Answer
a. $\frac{20}{3}, \frac{40}{3}$
b. $\frac{1}{4}, \frac{79}{4}$
Work Step by Step
a. Assuming the two nonnegative numbers are $x,y$, we have $x+y=20$ and the product of one number and the square root of the other is given by $z=x\sqrt y=x\sqrt {20-x}$. Take the derivative to get $z'=\sqrt {20-x}-\frac{x}{2\sqrt {20-x}}$; letting $z'=0$, we get $x=\frac{40}{3}$. Checking the signs of $z'$, we have $(0)..(+)..(\frac{40}{3})..(-)..(20)$. Thus the maximum of $z$ happens when the two numbers are $\frac{20}{3}, \frac{40}{3}$
b.
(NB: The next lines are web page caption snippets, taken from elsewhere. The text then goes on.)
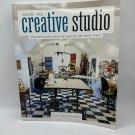 Inside the Creative Studio: Inspiration and Ideas for Your Art and Craft Space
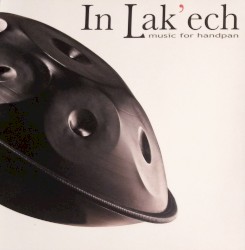 In Lak'ech, music for handpan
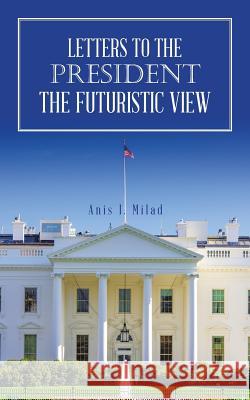 Letters to the President the Futuristic View Anis I. Milad 9781524670467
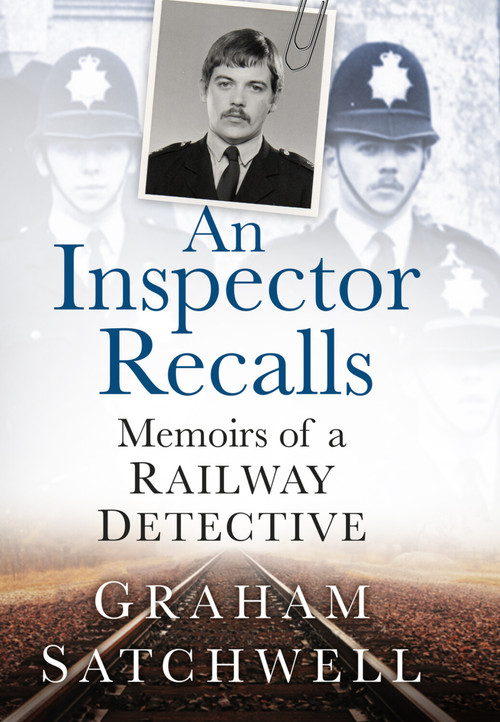 An Inspector Recalls (Memoirs of a Railway Detective) by Graham Satchwell, 9780750966405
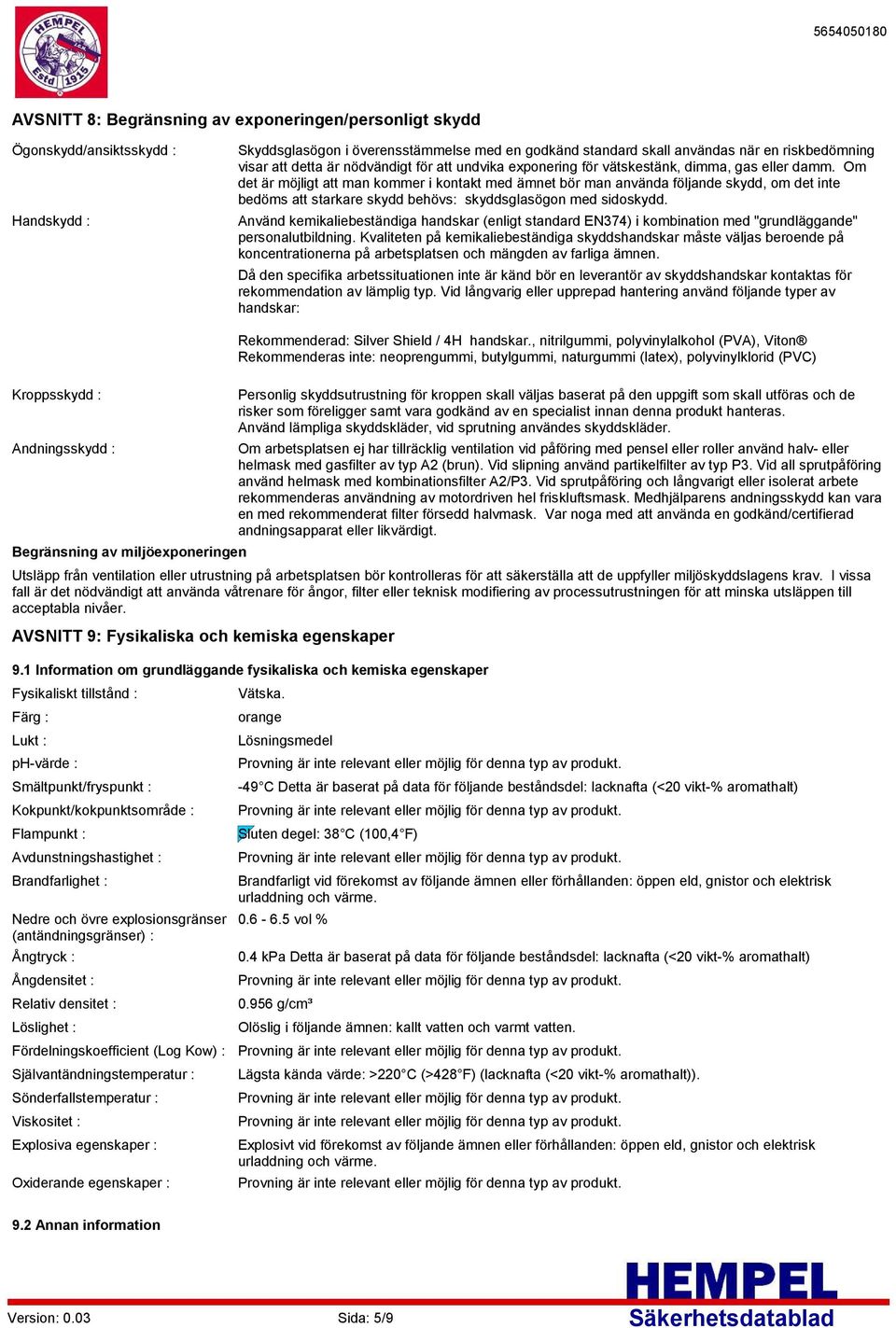 Om det är möjligt att man kommer i kontakt med ämnet bör man använda följande skydd, om det inte bedöms att starkare skydd behövs: skyddsglasögon med sidoskydd.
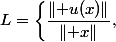 L=\left\{\dfrac{\lVert u(x)\rVert}{\lVert x\rVert},\;x\in E\setminus\{0\}\right\}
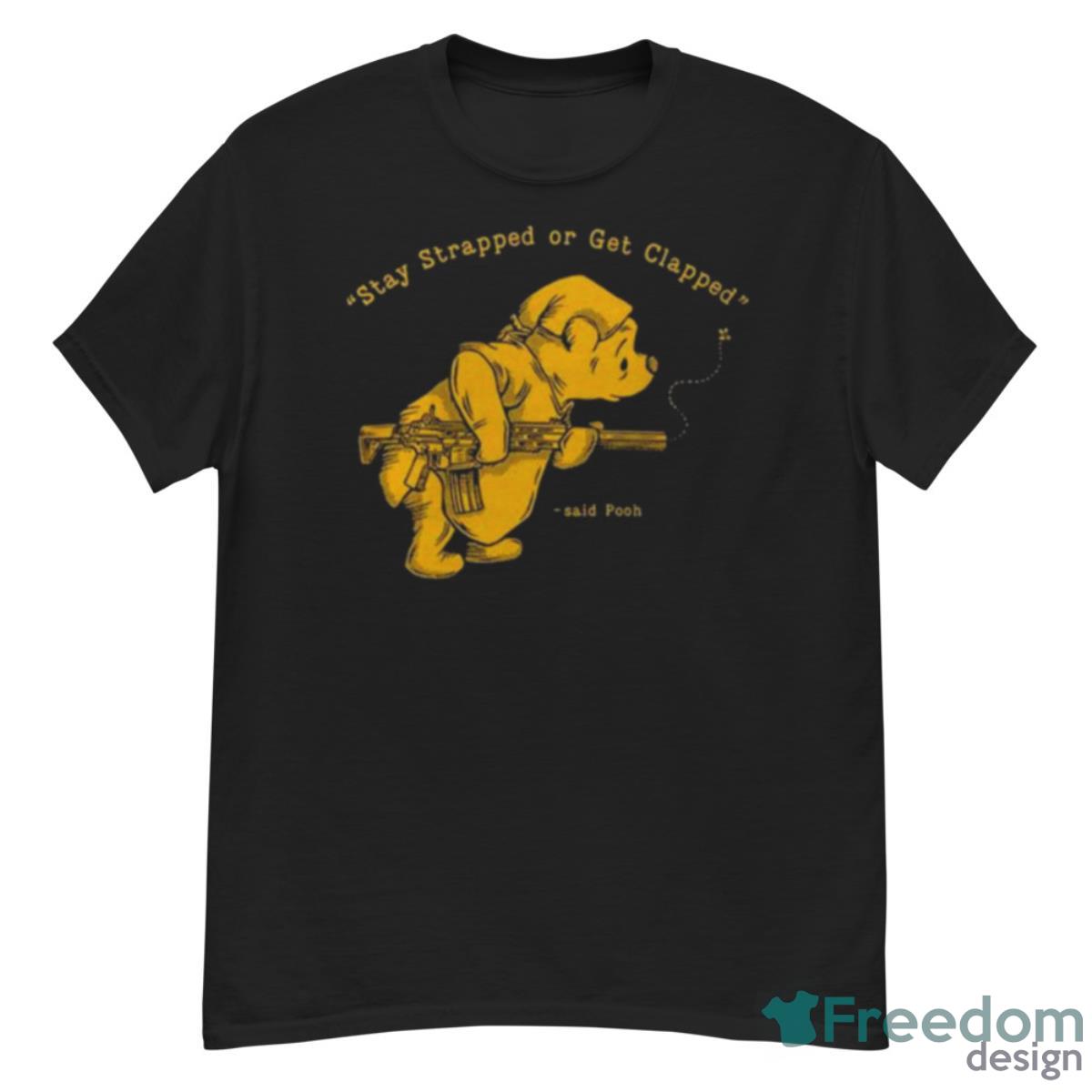 Pooh Bear Said Stay Strapped Or Get Clapped Shirt - G500 Men’s Classic T-Shirt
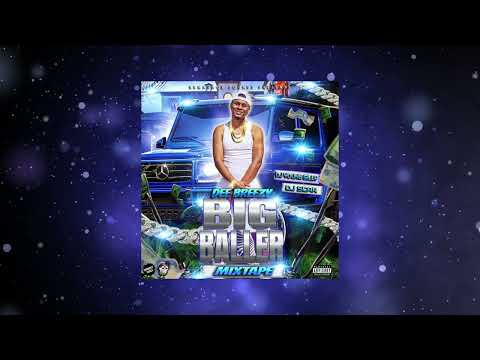 Dee Breezy Big Baller Mixtape ( Dj Young Gilly & Dj Scar)
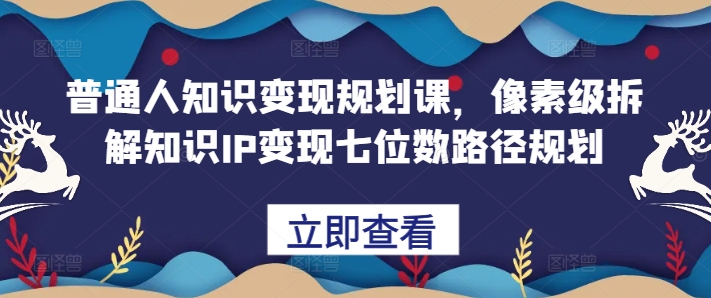 普通人知识变现规划课，像素级拆解知识IP变现七位数路径规划_网创资源库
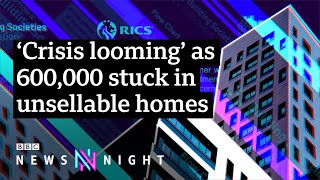 600,000 leaseholders unable to sell homes with cladding - BBC Newsnight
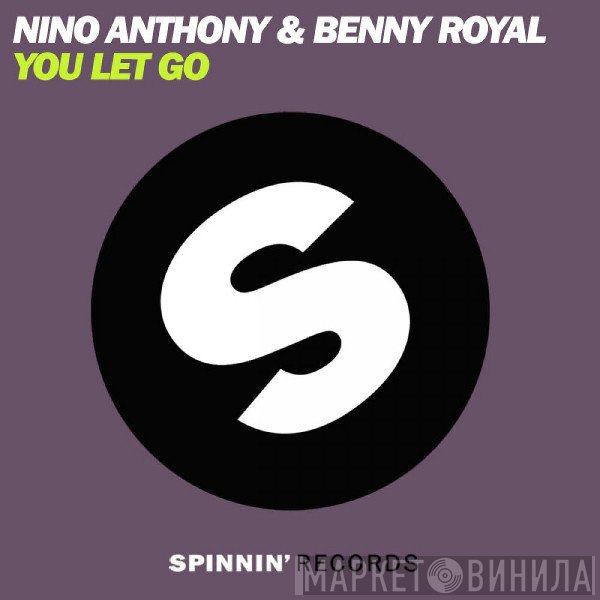 Nino Anthony & Benny Royal  - You Let Go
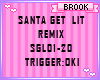 13~SANTA GET LIT REMIX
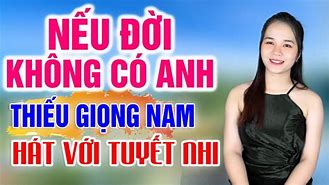 Karaoke Nếu Đời Không Có Anh Song Ca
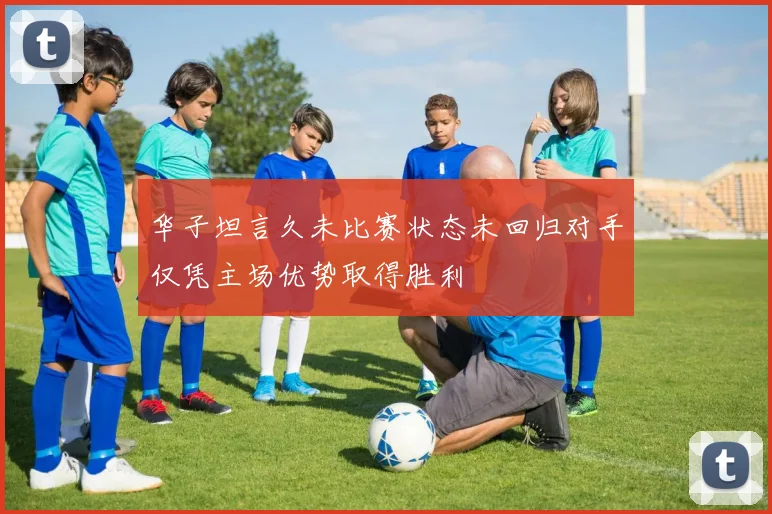 华子坦言久未比赛状态未回归对手仅凭主场优势取得胜利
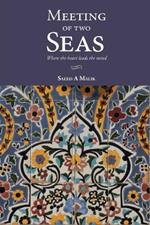 Meeting of two Seas: where the heart leads the mind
In this case, $z=\sqrt x+y=\sqrt x+20-x$. Take derivative to get $z'=\frac{1}{2\sqrt x}-1$. Letting $z'=0$, we get $x=\frac{1}{4}$. Checking the signs of $z'$, we have $(0)..(+)..(\frac{1}{4})..(-)..(20)$. Thus the maximum of $z$ happens when the two numbers are $\frac{1}{4}, \frac{79}{4}$